Oscillatory MS was shown to have a significant effect in increasing ImP. A representative ImP profile induced by MS at 20 Hz was shown in Figure 1. Normal heart beat generated approximately 5 mmHg of ImP in the femur at a frequency of 5.37±0.35 Hz. The ImP value (peak-peak) was increased significantly by dynamic MS at 5, 10, 15, 20, 30, and 40 Hz (p<0.05 for 5, 10, 30, and 40 Hz, p<0.01 for 15 and 20 Hz). The response trend of the ImP against frequency was nonlinear; the ImP reached a maximum value of 45±9.3 mmHg (peak-peak) at 20 Hz (Figure 2a), although there was no significant difference between 10, 20, and 30 Hz. The MS generated ImP in the marrow cavity with values of 17.4±6.2, 24±5.4, 37.5±11.0, 26.3±11.1, and 3.7±1.5 mmHg at frequencies of 1, 5, 10, 40, and 100 Hz, respectively.

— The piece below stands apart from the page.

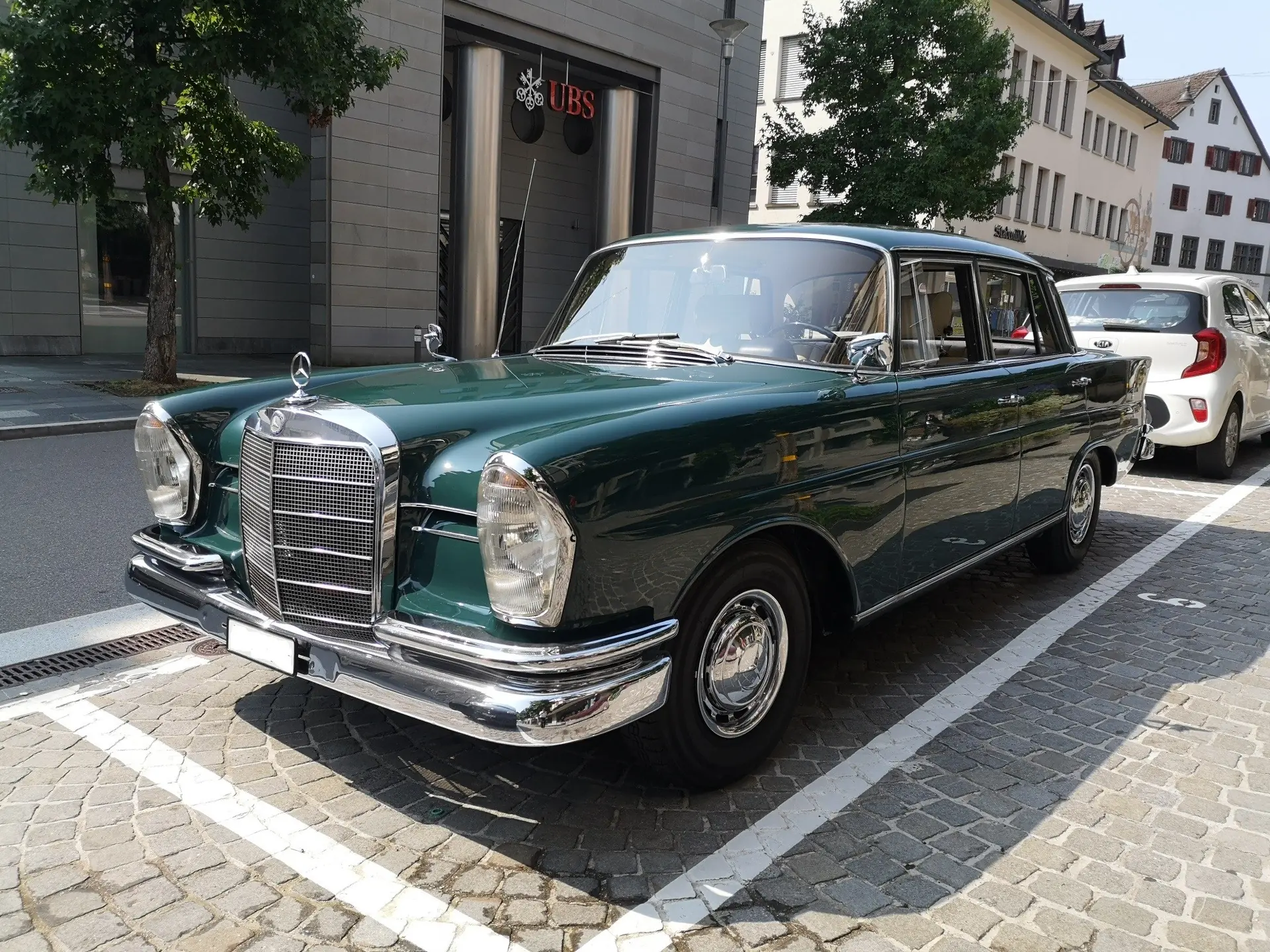 Mercedes 220 SEb Heckflosse 1964 — Berline classique d'exception, état remarquable — vista esterna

The response of matrix strain to the MS frequency also was nonlinear (Figure 2b). The MS generated femoral matrix strains of 61.8±6.2, 87.5±5.1, 128.4±19.2, 78.3±6.8, 18.7±1.3, and 10.1±1.8 at frequencies of 1, 5, 10, 20, 40, and 100 Hz, respectively. While the ImP trend indicated that the peak ImP value was observed at 20 Hz, the maximum matrix strain was measured at 10 Hz. Bone strain induced by MS at 10 Hz was significantly different (p<0.01) compared to all other stimulations with the exception of 15 Hz. In addition, the strains generated by MS above 30 Hz were significantly lower than those values loaded at and below 20 Hz (p<0.005), in which matrix strains, when loaded above 30 Hz, decreased by more than 75% of the peak strain measured at 10 Hz. For frequencies from 40 Hz to 100 Hz, MS induced matrix strain were less than 20 με.

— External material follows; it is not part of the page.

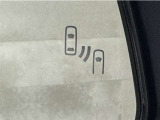 車線変更時の後方確認をアシストしてくれるブラインドスポットモニター!ドアミラーの死角を検知してくれるから車線変更もスムーズです。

These results suggest that muscle force alone, if applied at a low rate, such as resistant weigh lifting with high intensity, would not be able to generate sufficient strain and fluid pressure in bone. MS with relatively high rate and small magnitude, however, can trigger significant fluid pressure in the skeleton.
Dynamic muscle stimulation induced attenuation of bone loss
These findings were verified in an in vivo experiment under functional disuse conditions36. Fifty-six 6-months-old female Sprague-Dawley retired breeder rats (Taconic, NY) were used to investigate the effects of frequency-dependent dynamic muscle stimulation (MS) on skeletal adaptation in a disuse environment. Animals were randomly assigned to seven groups with n=8 per group: (1) baseline control, (2) age-matched control, (3) HLS, (4) HLS+1 Hz MS, (5) HLS+20 Hz MS, (6) HLS+50 Hz MS, and (7) HLS+100 Hz MS. Functional disuse was induced by a HLS, setup modified from Morey-Holton and Globus54,55. An approximately 30 head-down tilt was set to prevent contact of the animal’s hindlimbs with the cage bottom. The body weight of each animal was measured three times per week throughout the study.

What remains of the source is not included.